### YOUR OBJECTIVE
A faithful copy is needed of the lines below from the one with "Zeppelin 7680MB-1 100" up to and including the one with "تشویقی سگ 100گرمی Chicken coins Trixie"; set it down with no pictures and no other lines.

### MATERIAL FOR THIS EXERCISE
---

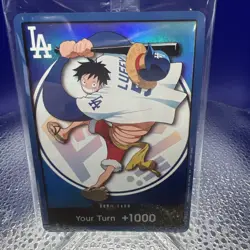 2026 ONE PIECE LOS ANGELES DODGERS MONKEY D LUFFY DON CARD PROMO 7/2/26 SEALED - Image 1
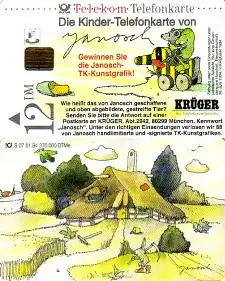 Telefonkarte S 07 01.94, Krüger - Janosch, DD 5401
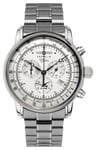 Zeppelin 7680MB-1 100 Jahre Quartz Chronograph (42mm) Silver Watch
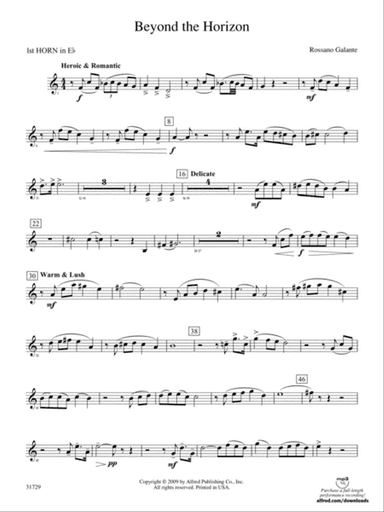 Beyond the Horizon: (wp) 1st Horn in E-flat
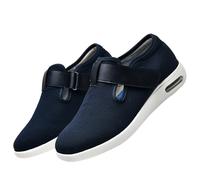 Scarpe Uomo Extra Larghe Scarpe Casual Sneaker,per Alluce Valgo, Fasi Post Operatorie e Lunghe Guarigioni, Scarpe Traspiranti Antiscivoloile.Blue,46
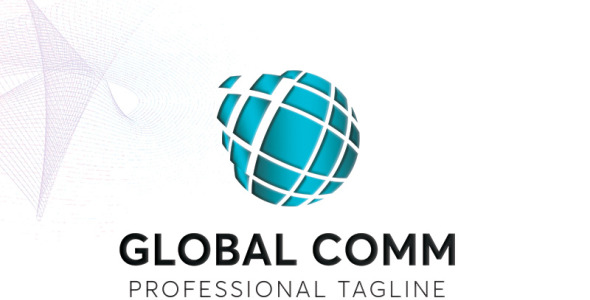 Шаблон логотипа на тему графика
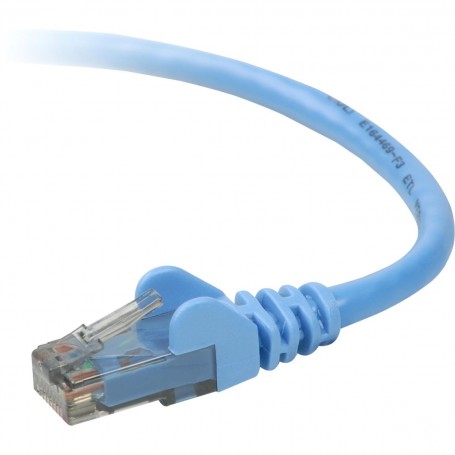 Belkin TAA980-07-BLU-S 7FT Cable TAA CAT6 Snagless-Patch RJ45 RJ45 Blue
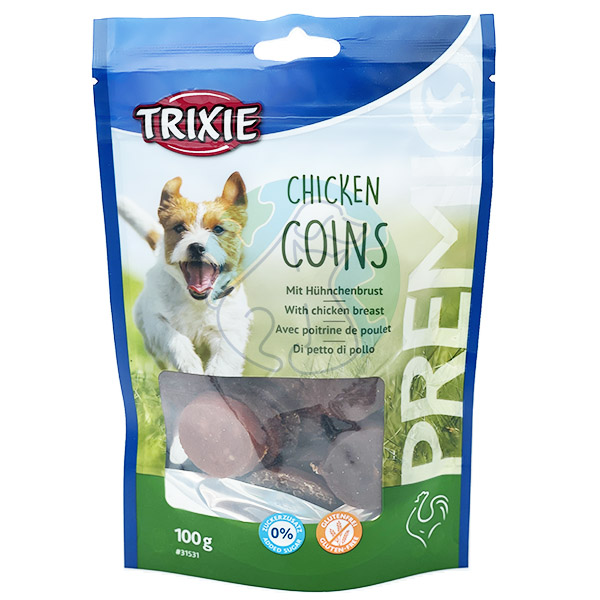 تشویقی سگ 100گرمی Chicken coins Trixie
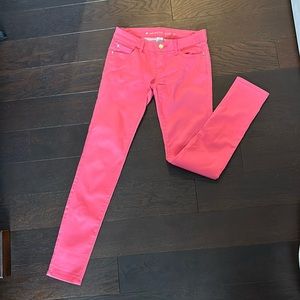 Pink/coral skinny jeans/jeggings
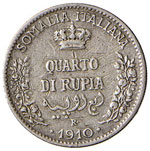 QUARTO DI RUPIA 1910 - PAG. 971  AG  GR. ... 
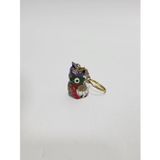 Antika Cloisonne Minyatür Baykuş Anahtarlık 3,7x2,3cm 153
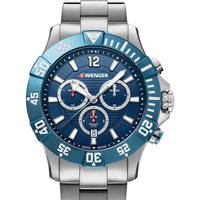 Ceasuri & Bijuterii Bărbați Ceasuri Analogice Wenger 01.0643.119, Quartz, 43mm, 20ATM Argintiu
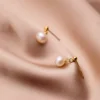7757a0df6548eaafd19befede5cd35c6 Sterling Silver Freshwater Pearl Drop Earrings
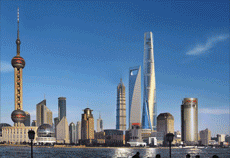 The Shanghai Tower will add to the number of skyscrapers that make up the city's skyline. The Shanghai Tower will add to the number of skyscrapers that make up the city's skyline.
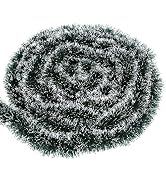 CCINEE 33FT Christmas Garland,Artificial Greenery Garland with Snow for Mantle Stair Fireplace Xm...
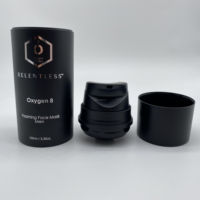 Bouteilles de lotion pour fond de teint sous vide, pompe sans air en PP, cylindre en plastique blanc personnalisé, 30 ml, 50 ml, 100 ml, 120 ml, 150 ml, 200 ml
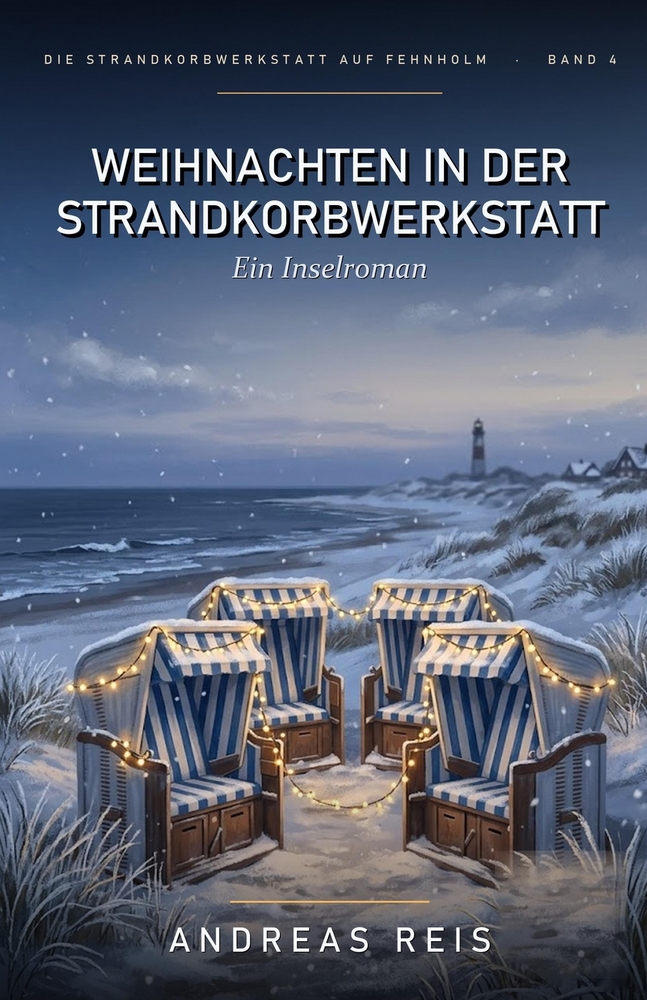 Weihnachten in der Strandkorbwerkstatt: Ein winterlicher Nordsee-Roman über eine Heimkehr, einen verborgenen Korb und das erste Weihnachten in einem n cover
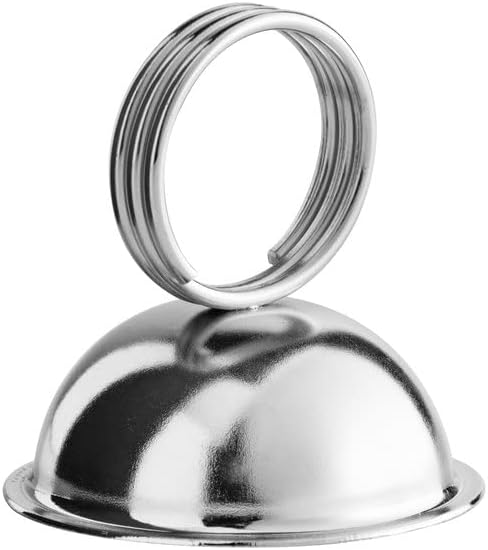 3 Ring Menu Clip Chrome Plated Iron Set of 12- Table Number Holders Place Card Holder Table Picture Holder Wire Photo Holder Clips Picture Note Photo Stand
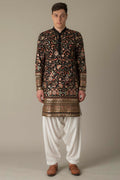 MLS EMBROIDERED KURTA PAJAMA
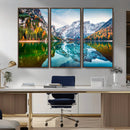 Spectacular autumn view of Braies Lake Wall Art Canvas Print by MyGreatCanvas | Canvas Wall Art Prints | Photo Prints & Wall Decor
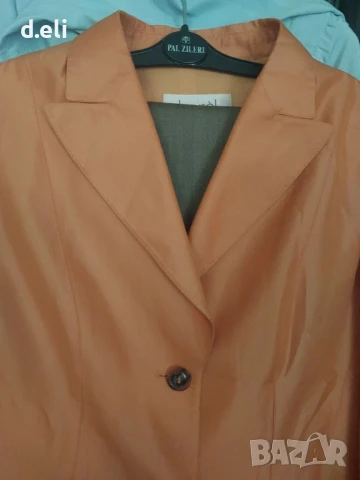 LAUREL (ESCADA) Size M Страхотно ново сако от Коприна и Памук, снимка 2 - Сака - 50241609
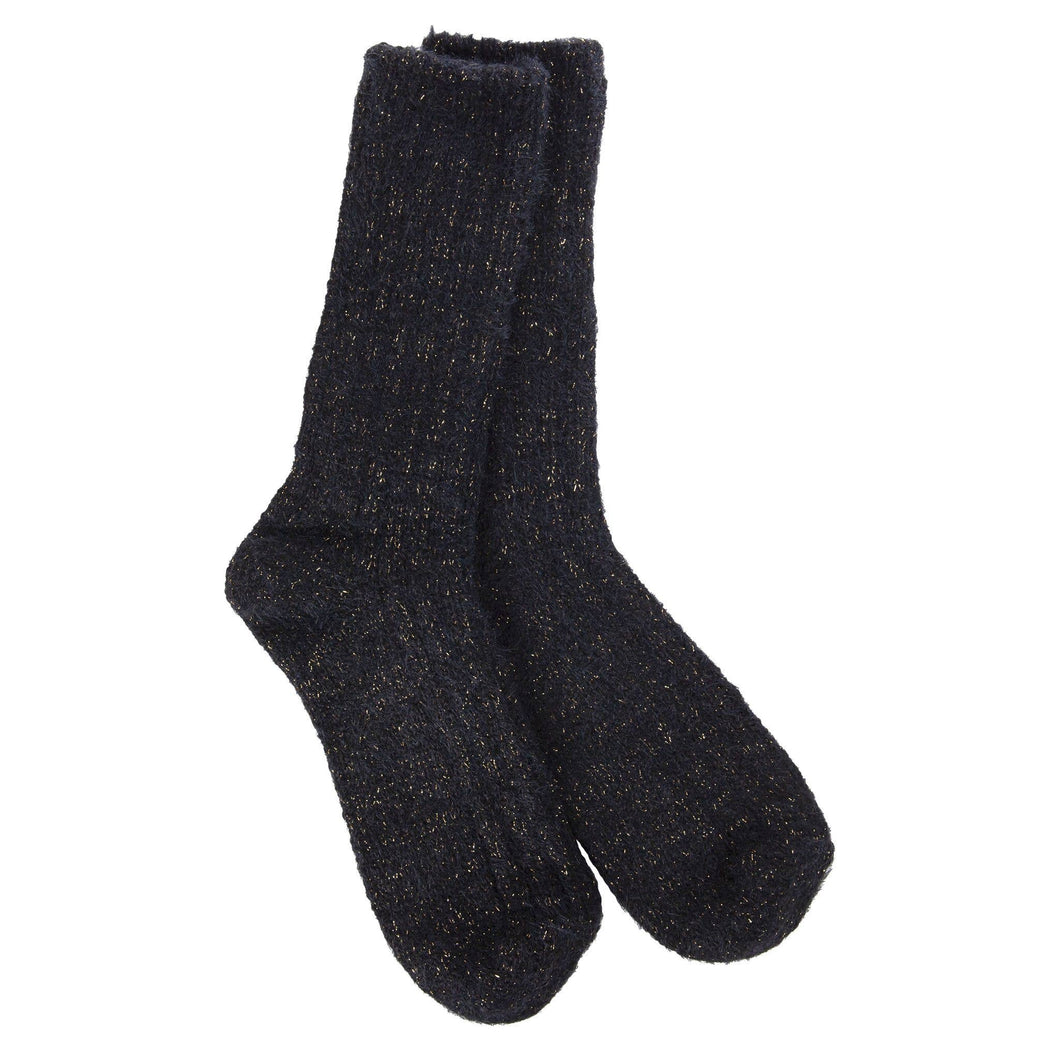 Slouch Crew Black Socks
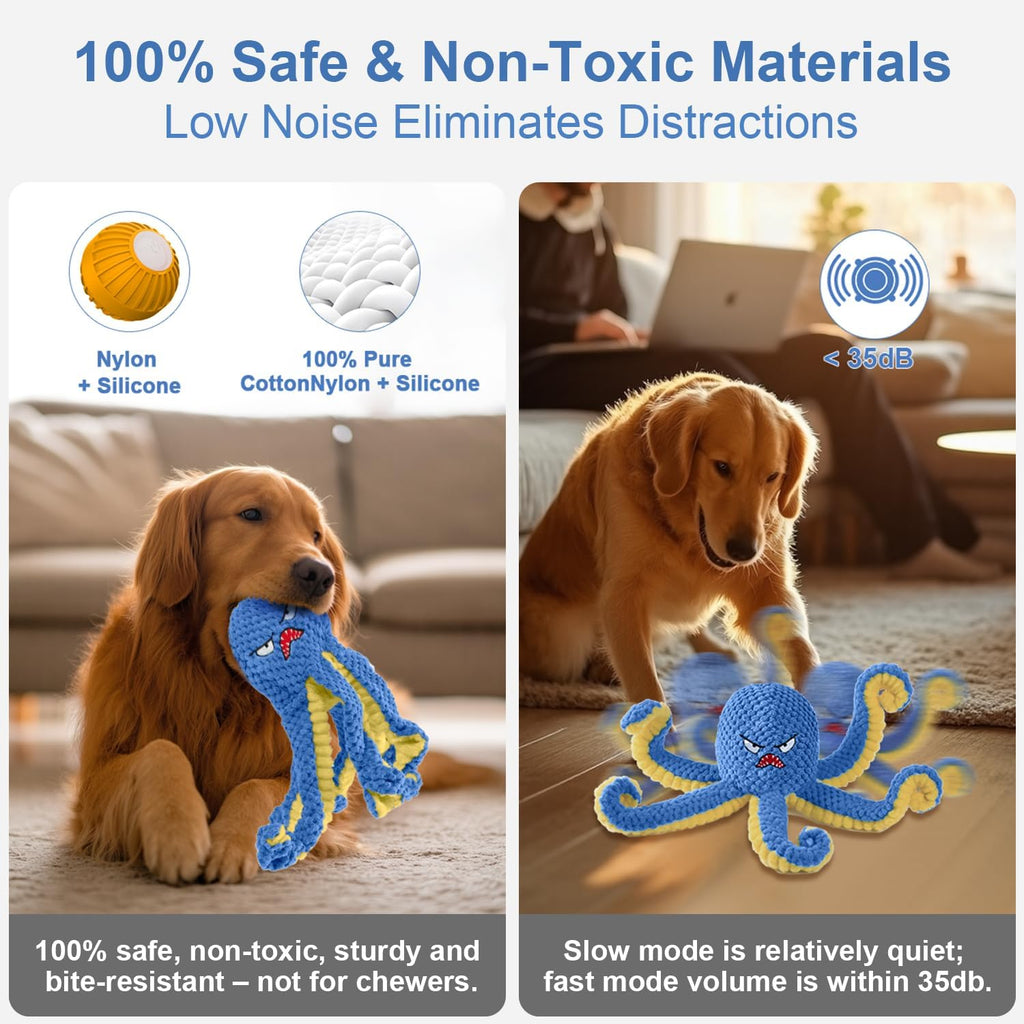 Waterproof core mechanism of the automated bouncing pet accessory.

---

### RESULT
 Zeppelin 7680MB-1 100 Jahre Quartz Chronograph (42mm) Silver Watch
 Beyond the Horizon: (wp) 1st Horn in E-flat
 Scarpe Uomo Extra Larghe Scarpe Casual Sneaker,per Alluce Valgo, Fasi Post Operatorie e Lunghe Guarigioni, Scarpe Traspiranti Antiscivoloile.Blue,46
 Шаблон логотипа на тему графика
 Belkin TAA980-07-BLU-S 7FT Cable TAA CAT6 Snagless-Patch RJ45 RJ45 Blue
 تشویقی سگ 100گرمی Chicken coins Trixie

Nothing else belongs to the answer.